In addition to the sparsity per layer hyperparameter, there are a few more for pruning. The most significant are:
- When to start pruning (stabilization period). Letting the model stabilize a bit before beginning pruning is generally a good idea. Edits to the training setup can make the initial epoch or two unstable. So, before cutting out weights, you want to make sure the model is stable.
- How long to prune (pruning period). Pruning for more epochs is preferred up to a point. The shorter the pruning period, the less likely it is that the model has converged to a stable position before pruning again. A good rule is to prune over roughly 1/6 to 1/3 the number of epochs it took to train.
- How long to train after pruning (fine-tuning period). Generally, the model will not have fully recovered after pruning has stopped. In this case, training should continue a bit longer until the validation loss has stabilized. A good rule is to ﬁne-tune for roughly 1/6 to 1/3 the number of epochs it took to train.
- How often to update pruning steps while in the pruning period. The general convention is to apply pruning steps once per epoch. For diﬀerent setups, it may be beneﬁcial to prune more often (e.g., once every tenth of an epoch -- 0.1). It depends on how many weight updates have happened since the last pruning step and how stable the loss function is currently.

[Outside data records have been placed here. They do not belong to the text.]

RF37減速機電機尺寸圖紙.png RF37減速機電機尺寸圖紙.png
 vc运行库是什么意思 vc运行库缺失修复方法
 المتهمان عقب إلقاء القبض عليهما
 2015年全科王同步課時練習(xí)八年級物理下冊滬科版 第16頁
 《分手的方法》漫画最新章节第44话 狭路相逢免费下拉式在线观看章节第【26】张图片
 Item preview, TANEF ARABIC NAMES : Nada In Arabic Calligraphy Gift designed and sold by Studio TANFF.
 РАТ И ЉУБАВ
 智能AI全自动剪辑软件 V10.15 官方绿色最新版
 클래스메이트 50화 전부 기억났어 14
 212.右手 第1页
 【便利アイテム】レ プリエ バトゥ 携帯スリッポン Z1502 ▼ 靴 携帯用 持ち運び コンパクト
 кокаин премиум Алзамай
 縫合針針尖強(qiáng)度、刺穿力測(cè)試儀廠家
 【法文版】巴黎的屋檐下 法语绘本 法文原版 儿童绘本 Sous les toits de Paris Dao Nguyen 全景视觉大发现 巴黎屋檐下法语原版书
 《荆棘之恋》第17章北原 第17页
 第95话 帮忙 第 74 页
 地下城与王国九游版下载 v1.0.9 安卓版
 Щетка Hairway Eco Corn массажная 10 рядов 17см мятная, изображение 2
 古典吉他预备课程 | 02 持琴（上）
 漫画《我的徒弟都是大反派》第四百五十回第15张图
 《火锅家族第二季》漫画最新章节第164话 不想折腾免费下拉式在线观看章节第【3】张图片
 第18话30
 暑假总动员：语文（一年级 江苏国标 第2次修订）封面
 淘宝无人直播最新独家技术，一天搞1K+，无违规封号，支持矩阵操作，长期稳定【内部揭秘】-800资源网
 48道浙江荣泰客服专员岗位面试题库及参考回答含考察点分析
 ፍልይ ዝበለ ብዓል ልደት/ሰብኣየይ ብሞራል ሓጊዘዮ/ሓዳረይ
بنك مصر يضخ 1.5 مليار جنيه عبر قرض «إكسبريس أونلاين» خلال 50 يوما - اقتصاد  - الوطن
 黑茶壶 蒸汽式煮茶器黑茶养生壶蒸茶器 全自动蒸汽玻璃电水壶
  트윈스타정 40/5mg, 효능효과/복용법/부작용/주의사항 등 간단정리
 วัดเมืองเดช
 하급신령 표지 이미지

In support of all these diﬀerent hyperparameters, a conﬁguration ﬁle is used and then loaded at training time. A simple UI is given in the cell block below to enable easy editing of the conﬁguration. The parameters mentioned above can all be adjusted. Soon, Neural Magic will replace this with a more advanced UI with more features to make this selection even easier! For now, we recommend using this notebook and the UI inside to generate the conﬁguration ﬁle. You can look at the output after the next step as it saves the conﬁguration to a ﬁle locally.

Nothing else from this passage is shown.